* Exercise description:
Extract all lines in the data that contain the word "Tech".
Records to process: Begin
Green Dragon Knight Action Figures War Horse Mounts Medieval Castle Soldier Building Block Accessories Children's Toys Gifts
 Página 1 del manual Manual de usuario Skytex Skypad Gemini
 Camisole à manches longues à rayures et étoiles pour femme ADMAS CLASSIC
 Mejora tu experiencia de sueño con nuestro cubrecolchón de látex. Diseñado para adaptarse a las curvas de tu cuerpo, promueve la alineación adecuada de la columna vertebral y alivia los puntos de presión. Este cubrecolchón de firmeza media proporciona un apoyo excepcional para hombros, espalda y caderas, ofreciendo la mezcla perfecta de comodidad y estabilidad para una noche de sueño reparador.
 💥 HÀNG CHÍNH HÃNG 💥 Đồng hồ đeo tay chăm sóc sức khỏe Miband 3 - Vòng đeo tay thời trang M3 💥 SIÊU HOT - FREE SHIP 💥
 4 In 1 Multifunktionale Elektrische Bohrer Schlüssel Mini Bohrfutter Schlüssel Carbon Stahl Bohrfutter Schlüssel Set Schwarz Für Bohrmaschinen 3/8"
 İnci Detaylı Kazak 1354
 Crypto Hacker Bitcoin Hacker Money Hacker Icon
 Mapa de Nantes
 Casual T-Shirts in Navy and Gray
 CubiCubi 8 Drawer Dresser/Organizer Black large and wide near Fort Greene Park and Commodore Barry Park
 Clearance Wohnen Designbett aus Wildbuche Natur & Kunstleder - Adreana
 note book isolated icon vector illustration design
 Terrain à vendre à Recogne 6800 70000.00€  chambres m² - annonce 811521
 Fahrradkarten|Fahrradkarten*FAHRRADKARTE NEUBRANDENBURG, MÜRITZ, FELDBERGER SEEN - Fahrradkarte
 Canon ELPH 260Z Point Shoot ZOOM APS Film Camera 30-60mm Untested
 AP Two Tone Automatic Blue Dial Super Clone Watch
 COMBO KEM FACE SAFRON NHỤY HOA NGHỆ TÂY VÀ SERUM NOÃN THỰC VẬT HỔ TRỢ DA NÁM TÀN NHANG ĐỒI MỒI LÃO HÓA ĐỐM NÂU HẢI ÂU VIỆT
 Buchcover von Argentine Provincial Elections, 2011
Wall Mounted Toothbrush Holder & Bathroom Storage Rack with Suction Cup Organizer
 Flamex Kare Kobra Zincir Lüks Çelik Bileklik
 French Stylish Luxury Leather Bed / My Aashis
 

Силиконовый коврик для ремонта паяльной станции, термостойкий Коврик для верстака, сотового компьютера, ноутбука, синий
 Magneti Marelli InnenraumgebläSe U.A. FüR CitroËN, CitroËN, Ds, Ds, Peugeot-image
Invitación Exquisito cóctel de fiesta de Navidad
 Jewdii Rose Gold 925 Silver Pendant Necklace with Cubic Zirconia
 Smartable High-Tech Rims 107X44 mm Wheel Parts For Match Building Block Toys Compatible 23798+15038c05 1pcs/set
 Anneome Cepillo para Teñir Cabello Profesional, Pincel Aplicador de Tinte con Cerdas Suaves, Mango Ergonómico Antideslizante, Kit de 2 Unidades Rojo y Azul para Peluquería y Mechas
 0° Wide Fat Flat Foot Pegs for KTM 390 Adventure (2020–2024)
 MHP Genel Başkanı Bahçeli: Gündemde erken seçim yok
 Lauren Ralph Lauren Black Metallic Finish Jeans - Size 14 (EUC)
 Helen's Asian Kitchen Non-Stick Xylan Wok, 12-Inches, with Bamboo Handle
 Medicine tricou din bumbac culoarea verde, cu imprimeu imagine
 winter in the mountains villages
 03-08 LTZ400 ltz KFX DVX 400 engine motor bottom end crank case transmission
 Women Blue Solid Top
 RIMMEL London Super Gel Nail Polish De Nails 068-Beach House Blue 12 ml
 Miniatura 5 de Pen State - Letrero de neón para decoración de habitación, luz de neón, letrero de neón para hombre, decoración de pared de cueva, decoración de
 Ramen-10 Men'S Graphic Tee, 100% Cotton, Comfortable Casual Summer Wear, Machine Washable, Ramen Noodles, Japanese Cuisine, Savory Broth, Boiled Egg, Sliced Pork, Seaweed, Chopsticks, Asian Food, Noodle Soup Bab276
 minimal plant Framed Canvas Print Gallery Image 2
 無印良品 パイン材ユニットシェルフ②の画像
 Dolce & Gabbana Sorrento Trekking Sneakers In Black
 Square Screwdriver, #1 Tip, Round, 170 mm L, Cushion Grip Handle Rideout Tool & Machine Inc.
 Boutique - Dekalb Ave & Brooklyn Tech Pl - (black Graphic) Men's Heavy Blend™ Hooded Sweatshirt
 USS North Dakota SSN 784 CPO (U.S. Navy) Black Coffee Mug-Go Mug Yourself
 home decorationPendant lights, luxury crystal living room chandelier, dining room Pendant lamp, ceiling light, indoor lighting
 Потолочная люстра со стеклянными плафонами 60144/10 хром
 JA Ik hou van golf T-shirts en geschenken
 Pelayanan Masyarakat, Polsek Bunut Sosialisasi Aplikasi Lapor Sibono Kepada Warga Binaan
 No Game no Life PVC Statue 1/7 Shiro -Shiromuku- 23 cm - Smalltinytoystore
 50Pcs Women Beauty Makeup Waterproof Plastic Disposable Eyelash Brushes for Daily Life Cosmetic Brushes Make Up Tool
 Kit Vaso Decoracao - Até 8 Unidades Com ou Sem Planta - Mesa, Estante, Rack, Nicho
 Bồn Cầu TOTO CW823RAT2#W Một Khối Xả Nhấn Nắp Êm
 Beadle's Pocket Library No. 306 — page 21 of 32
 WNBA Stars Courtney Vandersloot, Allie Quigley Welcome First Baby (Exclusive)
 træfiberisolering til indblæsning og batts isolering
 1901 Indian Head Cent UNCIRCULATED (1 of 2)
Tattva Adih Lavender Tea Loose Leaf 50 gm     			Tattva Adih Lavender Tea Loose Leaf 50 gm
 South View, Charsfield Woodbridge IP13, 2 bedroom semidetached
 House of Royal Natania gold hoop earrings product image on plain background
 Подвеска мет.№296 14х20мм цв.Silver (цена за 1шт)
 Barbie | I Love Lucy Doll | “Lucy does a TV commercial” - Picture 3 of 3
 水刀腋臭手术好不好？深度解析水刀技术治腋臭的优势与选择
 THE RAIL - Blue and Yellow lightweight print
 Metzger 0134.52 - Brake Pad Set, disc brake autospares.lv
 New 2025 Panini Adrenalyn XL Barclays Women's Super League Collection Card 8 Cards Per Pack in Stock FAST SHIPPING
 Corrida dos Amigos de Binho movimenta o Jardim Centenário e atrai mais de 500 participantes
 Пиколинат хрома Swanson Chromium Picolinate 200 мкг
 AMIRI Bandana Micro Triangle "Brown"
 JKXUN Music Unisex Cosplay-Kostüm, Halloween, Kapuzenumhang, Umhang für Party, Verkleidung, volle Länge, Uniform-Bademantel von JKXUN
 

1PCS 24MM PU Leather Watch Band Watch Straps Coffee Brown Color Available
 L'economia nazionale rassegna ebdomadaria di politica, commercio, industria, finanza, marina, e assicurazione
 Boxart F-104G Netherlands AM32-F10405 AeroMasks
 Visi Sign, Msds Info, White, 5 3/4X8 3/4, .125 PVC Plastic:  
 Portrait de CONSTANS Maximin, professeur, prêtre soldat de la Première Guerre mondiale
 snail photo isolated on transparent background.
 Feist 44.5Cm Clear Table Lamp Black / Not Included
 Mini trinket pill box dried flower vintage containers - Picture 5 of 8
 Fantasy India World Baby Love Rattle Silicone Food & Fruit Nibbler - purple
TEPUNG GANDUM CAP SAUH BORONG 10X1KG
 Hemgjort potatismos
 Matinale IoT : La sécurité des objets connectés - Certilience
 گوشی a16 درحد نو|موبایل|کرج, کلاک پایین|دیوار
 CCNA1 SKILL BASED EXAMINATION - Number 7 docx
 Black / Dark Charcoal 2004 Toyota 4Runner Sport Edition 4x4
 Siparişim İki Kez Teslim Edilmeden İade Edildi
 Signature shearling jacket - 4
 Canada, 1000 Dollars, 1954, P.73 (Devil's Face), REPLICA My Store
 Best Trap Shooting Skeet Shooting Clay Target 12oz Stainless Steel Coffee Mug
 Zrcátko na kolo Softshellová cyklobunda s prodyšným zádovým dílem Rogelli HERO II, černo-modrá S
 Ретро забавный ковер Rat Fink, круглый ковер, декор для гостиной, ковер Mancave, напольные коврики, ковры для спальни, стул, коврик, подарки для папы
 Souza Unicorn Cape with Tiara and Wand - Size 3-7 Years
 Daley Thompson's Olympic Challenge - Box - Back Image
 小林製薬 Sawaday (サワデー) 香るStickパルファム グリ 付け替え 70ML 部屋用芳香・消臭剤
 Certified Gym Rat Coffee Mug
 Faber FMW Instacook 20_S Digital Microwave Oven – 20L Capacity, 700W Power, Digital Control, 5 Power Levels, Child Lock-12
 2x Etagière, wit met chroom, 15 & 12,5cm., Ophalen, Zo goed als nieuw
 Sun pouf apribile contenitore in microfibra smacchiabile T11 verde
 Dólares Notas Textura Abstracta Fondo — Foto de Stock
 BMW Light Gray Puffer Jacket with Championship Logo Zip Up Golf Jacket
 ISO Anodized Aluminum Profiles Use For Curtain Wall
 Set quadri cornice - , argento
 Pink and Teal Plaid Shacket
Records to process: End
* Exercise output:
 Smartable High-Tech Rims 107X44 mm Wheel Parts For Match Building Block Toys Compatible 23798+15038c05 1pcs/set
 Boutique - Dekalb Ave & Brooklyn Tech Pl - (black Graphic) Men's Heavy Blend™ Hooded Sweatshirt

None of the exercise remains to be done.